Кроме меня, у моей матери есть ещё один сын, Александр, родившийся 16 ноября 1894 года. Привлечённый по делу организации учащихся в средних учебных заведениях (т. н. «процесс витмеровцев»), он в 1912 году был исключён из VIII класса Введенской гимназии без права поступления. В настоящее время он является стипендиатом московского миллионера Николая Александровича Шахова, живёт за границей и состоит студентом Женевского университета…»
В 1900 году восьмилетнего федю Ильина, выраставшего формально без отца, матери удалось устроить в приют принца П.Г. Ольденбургского (на углу Дровяной улицы и 7-й Красноармейской), где обучение шло по программе реального училища.
Здесь он провёл восемь лет жизни, бывая дома только по субботам, зато окончил курс с наградой. «В этом кошмарном училище, где ещё не перевелись бурсацкие нравы, где за плохие успехи учеников ставили перед всем классом на колени, а училищный поп Лисицын публично драл за уши», – вспоминал он впоследствии эти годы учёбы.
Тем не менее, училище дало ему бесплатное образование и открыло дорогу в Политехнический институт, который Фёдор окончил в 1913 году по экономическому отделению. А в сентябре того же года он стал слушателем Императорского Археологического института. И кроме того, занимался любимой им библиографией у профессора С. Венгерова. А ещё в том же 1913 году он работал статистом в театрах Александрийском, Михайловском и Комиссаржевской.
В стенах окружающего его Ольденбургского училища в Фёдоре впервые проснулся дух протеста и неповиновения, и здесь он сделал первые свои шаги на пути реального сопротивления существующим порядкам – он дважды участвовал в ученических забастовках, за что едва не был исключён из училища.
«Политические переживания во время революции 1905 года, – писал он, – и острое сознание социальной несправедливости стихийно влекли меня к социализму. Эти настроения тем более находили во мне горячий сочувственный отклик, что материальные условия жизни нашей семьи были довольно тяжёлыми».
И ещё один примечательный момент из жизни молодого Фёдора.

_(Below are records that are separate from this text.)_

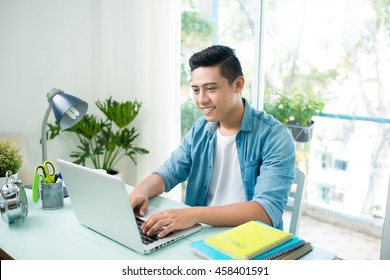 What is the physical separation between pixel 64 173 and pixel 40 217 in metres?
0.23

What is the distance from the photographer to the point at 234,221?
128 cm

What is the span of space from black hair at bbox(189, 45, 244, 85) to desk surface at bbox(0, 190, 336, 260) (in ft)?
1.99

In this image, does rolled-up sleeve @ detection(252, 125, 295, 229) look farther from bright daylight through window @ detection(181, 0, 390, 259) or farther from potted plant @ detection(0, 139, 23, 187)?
bright daylight through window @ detection(181, 0, 390, 259)

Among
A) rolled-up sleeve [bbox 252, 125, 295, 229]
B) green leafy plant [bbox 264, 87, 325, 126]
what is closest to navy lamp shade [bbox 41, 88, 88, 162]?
rolled-up sleeve [bbox 252, 125, 295, 229]

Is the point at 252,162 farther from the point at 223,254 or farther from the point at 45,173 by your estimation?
the point at 45,173

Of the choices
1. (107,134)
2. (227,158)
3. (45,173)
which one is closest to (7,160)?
(45,173)

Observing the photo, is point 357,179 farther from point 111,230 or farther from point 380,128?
point 111,230

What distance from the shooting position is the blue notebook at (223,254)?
3.34 feet

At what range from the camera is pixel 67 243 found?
117 centimetres

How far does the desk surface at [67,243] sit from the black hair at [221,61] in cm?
61

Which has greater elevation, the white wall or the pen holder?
the white wall

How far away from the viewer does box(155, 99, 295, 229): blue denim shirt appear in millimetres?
1403

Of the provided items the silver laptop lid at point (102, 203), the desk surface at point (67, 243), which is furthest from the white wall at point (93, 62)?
the silver laptop lid at point (102, 203) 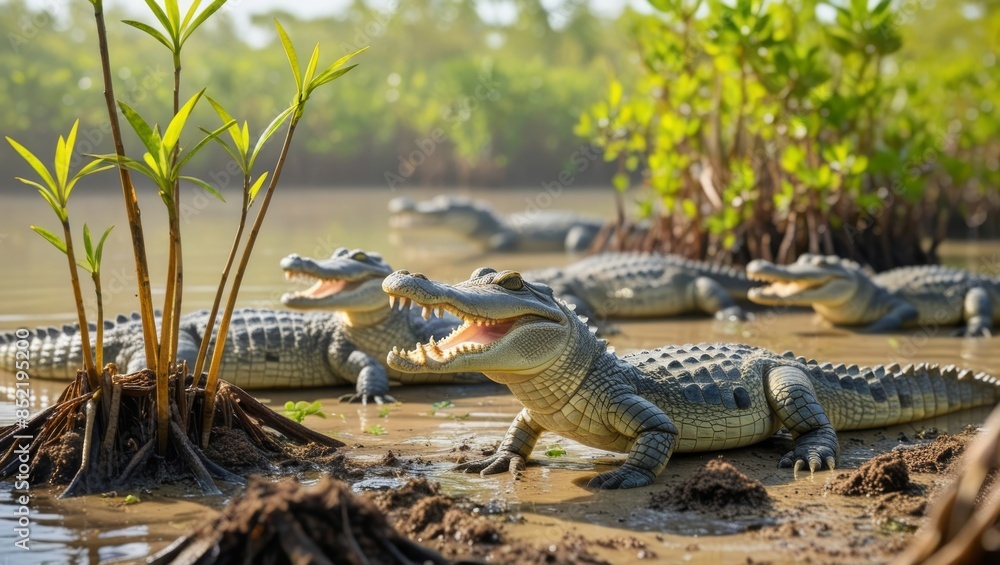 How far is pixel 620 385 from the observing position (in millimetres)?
4574

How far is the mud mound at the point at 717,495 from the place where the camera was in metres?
3.92

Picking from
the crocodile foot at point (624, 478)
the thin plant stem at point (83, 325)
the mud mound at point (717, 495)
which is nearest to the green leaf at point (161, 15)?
the thin plant stem at point (83, 325)

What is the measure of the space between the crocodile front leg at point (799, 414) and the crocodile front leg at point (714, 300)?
4720 mm

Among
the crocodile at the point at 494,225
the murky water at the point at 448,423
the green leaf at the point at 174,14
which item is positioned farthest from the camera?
the crocodile at the point at 494,225

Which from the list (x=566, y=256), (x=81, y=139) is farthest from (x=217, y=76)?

Хотя его родители были глубоко религиозными людьми, он под влиянием прочитанных им книг, к которым пристрастился ещё во время своей учёбы в училище, самостоятельно пришёл к атеизму.
В 1907 году его отец, как говорят, был несправедливо обвинён в изнасиловании служанки, из-за чего наложил на себя руки. (Вспомним отмеченных в автобиографии будущего героя революции его деда и дядю, которые в своё время тоже покончили с собой из-за их сексуальных связей с женщинами!..) От сопутствовавших Фёдору «свинцовых мерзостей жизни» он уходил с головой в книги, отождествляя себя с их яркими героями, чувствующими себя жертвами несправедливости.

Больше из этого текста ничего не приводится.